§ Assigned task
Copy word for word the lines of the records below, beginning at the one with "Parade Gaun Biru di Red Carpet SAG Awards" and finishing at the one with "Brązowa komoda w", ends included, but none of the pictures.

§ Given entries
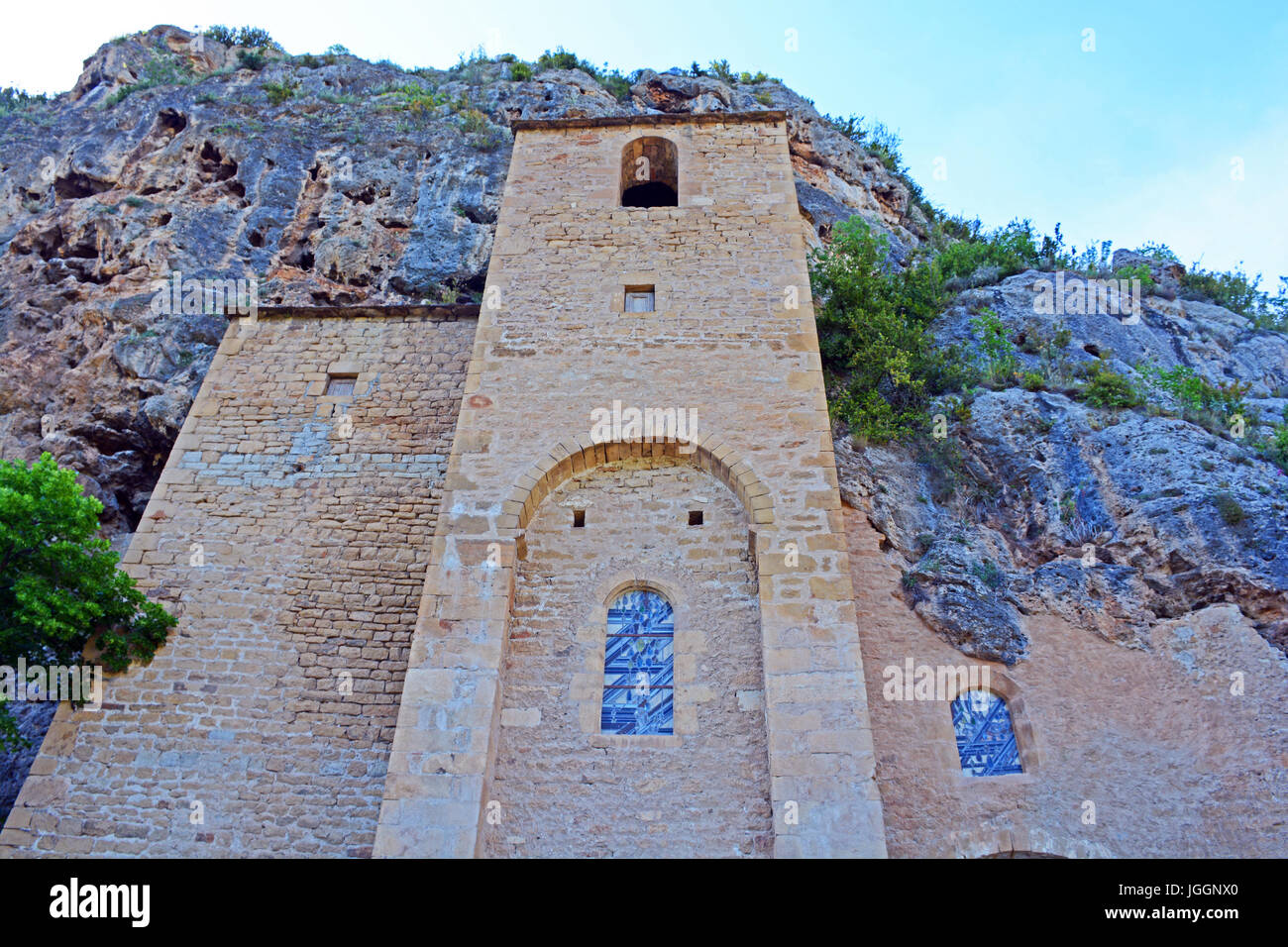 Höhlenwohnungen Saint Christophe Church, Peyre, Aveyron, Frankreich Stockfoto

...

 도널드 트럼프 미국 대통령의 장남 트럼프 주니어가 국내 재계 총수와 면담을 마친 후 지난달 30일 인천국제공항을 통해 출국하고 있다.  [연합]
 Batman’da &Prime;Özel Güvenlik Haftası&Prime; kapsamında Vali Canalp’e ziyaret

==

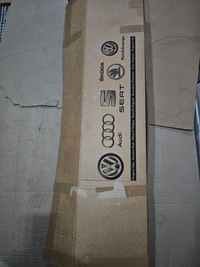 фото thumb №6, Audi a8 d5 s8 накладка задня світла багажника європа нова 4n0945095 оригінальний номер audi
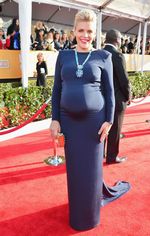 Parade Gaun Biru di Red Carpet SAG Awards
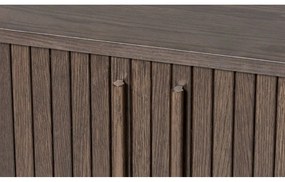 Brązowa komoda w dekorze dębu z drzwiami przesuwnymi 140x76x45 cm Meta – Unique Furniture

§ Response to the task
 Parade Gaun Biru di Red Carpet SAG Awards
 Brązowa komoda w dekorze dębu z drzwiami przesuwnymi 140x76x45 cm Meta – Unique Furniture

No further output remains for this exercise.